Cinquante nouveaux emplois
L'année dernière, le personnel du CRI totalisait 115 personnes
et son budget atteignait 4,1 millions de dollars. À la faveur d'un
vent de financement favorable, l'équipe du CRI compte maintenant
140 personnes et son budget a grimpé à 7,2 millions. "Ces
investissements permettront la création de 50 emplois dans la région",
estime Michel Bergeron. Le centre regroupe présentement 19 chercheurs
principaux, 12 chercheurs post-doctoraux, une quarantaine d'étudiants-chercheurs
au doctorat et à la maîtrise et des assistants de recherche.
"Le CRI est le plus important centre de recherche en infectiologie
au Canada et l'un des plus importants en Amérique du Nord, poursuit-il.
Notre approche est unique; notre champ d'études va du génome
jusqu'au patient, de la recherche fondamentale jusqu'aux travaux appliqués."

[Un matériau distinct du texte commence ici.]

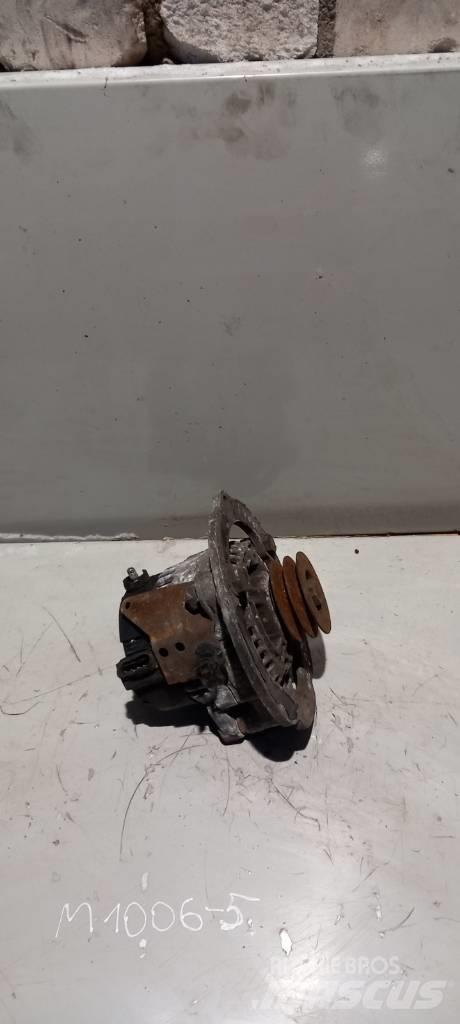 MAN M2000 alternator Motorji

Les travaux de recherche du CRI sont financés à 60 % par le
secteur privé. La mise au point de trousses diagnostiques pour la
détection rapide des infections bactériennes constitue un
des volets importants et spectaculaires de leurs travaux.
Le "condom invisible"
Si la recherche en infectiologie a le vent en poupe, c'est que partout dans
le monde, les maladies infectieuses se portent bien. Dans les pays occidentaux,
la mortalité due aux maladies infectieuses a doublé depuis
les années 1950 et les antibiotiques, qui devaient libérer
l'humanité de ces fléaux, montrent de sérieux signes
d'essoufflement. "Les infections occupent le premier rang parmi toutes
les causes de mortalité, dit Michel Bergeron. Dix-sept millions de
personnes en mourront cette année, ce qui représente un décès
sur trois à l'échelle de la planète".
L'un des projet en cours au CRI vise le développement d'un gel pour prévenir la transmission du VIH et des autres MTS. Ce gel, auquel les chercheurs ont donné le nom accrocheur de "condom invisible", établit une barrière physique entre les muqueuses du vagin ou de l'anus et les micro-organismes pouvant être transmis pendant une relation sexuelle. Inodore, incolore et liquide à la température de la pièce, le produit se gélifie instantanément à la température du corps formant sur les muqueuses une membrane imperméable aux agents infectieux. "Il ne s'agit pas d'un médicament mais bien d'un moyen pour prévenir la transmission des MTS, précise Michel Bergeron. Des tests sont prévus pour déterminer si le gel permet également la prévention des grossesses."
Mis à l'essai chez des souris et des lapins, le produit a bloqué le passage des micro-organismes pathogènes sans causer de problèmes de toxicité. "Dans quelques mois, nous allons faire des essais chez des couples où il n'y a pas de risques de transmission de maladies afin d'en évaluer la toxicité et la tolérance, explique Michel Bergeron. Par la suite, si les résultats sont concluants, nous prévoyons le mettre à l'essai chez des prostituées qui n'utilisent pas le condom. Pour les tests contre le virus de l'herpès, les participantes seront recrutées au Canada et pour les tests contre le virus du sida, elles seront recrutées en Afrique ou en Asie."
Le chercheur estime que 500 millions de personnes seraient atteintes de MTS à travers le monde, dont 20 millions par le sida. De plus, chaque jour à travers le monde, plus de un milliard de personnes auraient une relation sexuelle. "En théorie, il existe donc un vaste marché pour un tel produit surtout lorsqu'on considère le pourcentage d'hommes qui ne veulent pas utiliser le condom."